# [Task item]
The expected answer holds every line from the first line of the data below through the line containing "zdjęcie nr 33", exactly as written, and no other line.

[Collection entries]
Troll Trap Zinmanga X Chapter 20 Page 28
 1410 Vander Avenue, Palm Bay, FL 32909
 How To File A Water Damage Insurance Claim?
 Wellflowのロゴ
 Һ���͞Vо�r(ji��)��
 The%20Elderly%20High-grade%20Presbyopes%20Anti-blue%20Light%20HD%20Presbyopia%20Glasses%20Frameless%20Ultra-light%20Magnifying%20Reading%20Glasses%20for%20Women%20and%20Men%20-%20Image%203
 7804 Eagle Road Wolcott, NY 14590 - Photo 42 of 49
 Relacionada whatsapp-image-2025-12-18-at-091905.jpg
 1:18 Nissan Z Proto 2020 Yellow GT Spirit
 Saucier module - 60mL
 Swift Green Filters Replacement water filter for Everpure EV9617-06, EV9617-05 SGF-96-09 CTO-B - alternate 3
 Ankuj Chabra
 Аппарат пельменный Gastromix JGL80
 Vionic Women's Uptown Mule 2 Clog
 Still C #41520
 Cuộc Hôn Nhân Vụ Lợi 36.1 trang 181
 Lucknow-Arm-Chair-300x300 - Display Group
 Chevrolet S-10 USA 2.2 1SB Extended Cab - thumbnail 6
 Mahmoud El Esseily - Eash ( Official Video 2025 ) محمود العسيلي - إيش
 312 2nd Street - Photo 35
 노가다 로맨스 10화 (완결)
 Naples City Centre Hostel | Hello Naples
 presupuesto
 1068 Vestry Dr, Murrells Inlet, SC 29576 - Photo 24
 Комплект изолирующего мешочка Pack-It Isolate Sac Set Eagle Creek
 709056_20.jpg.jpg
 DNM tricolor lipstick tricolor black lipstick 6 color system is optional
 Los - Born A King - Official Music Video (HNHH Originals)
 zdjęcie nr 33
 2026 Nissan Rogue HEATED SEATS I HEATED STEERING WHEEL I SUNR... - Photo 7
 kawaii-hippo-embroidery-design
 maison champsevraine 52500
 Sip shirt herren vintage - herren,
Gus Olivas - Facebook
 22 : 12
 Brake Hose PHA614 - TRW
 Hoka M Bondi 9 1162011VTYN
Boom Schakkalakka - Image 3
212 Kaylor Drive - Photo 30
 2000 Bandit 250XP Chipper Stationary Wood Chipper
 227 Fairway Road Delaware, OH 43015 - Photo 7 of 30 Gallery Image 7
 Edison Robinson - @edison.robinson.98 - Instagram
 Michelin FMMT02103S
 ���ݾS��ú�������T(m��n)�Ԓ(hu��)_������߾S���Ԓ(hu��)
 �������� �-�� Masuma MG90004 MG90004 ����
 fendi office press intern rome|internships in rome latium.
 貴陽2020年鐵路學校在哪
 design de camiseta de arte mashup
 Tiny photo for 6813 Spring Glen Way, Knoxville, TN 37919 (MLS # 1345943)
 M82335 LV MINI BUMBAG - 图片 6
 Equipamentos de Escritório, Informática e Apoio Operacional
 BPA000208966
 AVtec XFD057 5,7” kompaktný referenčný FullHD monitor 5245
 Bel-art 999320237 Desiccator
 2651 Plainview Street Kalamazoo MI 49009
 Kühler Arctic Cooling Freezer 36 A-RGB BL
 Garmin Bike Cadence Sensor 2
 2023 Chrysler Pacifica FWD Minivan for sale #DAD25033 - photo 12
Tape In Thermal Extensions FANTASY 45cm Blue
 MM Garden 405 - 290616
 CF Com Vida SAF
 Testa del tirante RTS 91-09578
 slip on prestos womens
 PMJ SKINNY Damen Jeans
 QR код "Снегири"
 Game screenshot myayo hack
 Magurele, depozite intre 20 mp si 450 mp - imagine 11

# [Answer section]
Troll Trap Zinmanga X Chapter 20 Page 28
 1410 Vander Avenue, Palm Bay, FL 32909
 How To File A Water Damage Insurance Claim?
 Wellflowのロゴ
 Һ���͞Vо�r(ji��)��
 The%20Elderly%20High-grade%20Presbyopes%20Anti-blue%20Light%20HD%20Presbyopia%20Glasses%20Frameless%20Ultra-light%20Magnifying%20Reading%20Glasses%20for%20Women%20and%20Men%20-%20Image%203
 7804 Eagle Road Wolcott, NY 14590 - Photo 42 of 49
 Relacionada whatsapp-image-2025-12-18-at-091905.jpg
 1:18 Nissan Z Proto 2020 Yellow GT Spirit
 Saucier module - 60mL
 Swift Green Filters Replacement water filter for Everpure EV9617-06, EV9617-05 SGF-96-09 CTO-B - alternate 3
 Ankuj Chabra
 Аппарат пельменный Gastromix JGL80
 Vionic Women's Uptown Mule 2 Clog
 Still C #41520
 Cuộc Hôn Nhân Vụ Lợi 36.1 trang 181
 Lucknow-Arm-Chair-300x300 - Display Group
 Chevrolet S-10 USA 2.2 1SB Extended Cab - thumbnail 6
 Mahmoud El Esseily - Eash ( Official Video 2025 ) محمود العسيلي - إيش
 312 2nd Street - Photo 35
 노가다 로맨스 10화 (완결)
 Naples City Centre Hostel | Hello Naples
 presupuesto
 1068 Vestry Dr, Murrells Inlet, SC 29576 - Photo 24
 Комплект изолирующего мешочка Pack-It Isolate Sac Set Eagle Creek
 709056_20.jpg.jpg
 DNM tricolor lipstick tricolor black lipstick 6 color system is optional
 Los - Born A King - Official Music Video (HNHH Originals)
 zdjęcie nr 33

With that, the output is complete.